_Stored data_.
☆ ☆ ☆ ☆

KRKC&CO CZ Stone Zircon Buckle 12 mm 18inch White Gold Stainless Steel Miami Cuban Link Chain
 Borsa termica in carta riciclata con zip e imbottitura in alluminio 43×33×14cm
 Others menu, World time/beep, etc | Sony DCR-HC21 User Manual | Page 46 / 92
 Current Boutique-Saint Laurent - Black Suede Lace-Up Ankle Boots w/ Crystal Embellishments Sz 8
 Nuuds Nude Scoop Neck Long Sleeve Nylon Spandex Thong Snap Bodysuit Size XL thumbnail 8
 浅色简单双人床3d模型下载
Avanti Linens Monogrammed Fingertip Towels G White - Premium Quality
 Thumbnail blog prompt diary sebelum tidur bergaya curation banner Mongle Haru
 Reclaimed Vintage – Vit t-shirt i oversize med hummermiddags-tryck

☆ ☆ ☆ ☆

_Task instructions_. Write out, word for word, the lines from the one containing "Avanti Linens Monogrammed" through the end of the records, with no other lines.

_Exercise answer_.
Avanti Linens Monogrammed Fingertip Towels G White - Premium Quality
 Thumbnail blog prompt diary sebelum tidur bergaya curation banner Mongle Haru
 Reclaimed Vintage – Vit t-shirt i oversize med hummermiddags-tryck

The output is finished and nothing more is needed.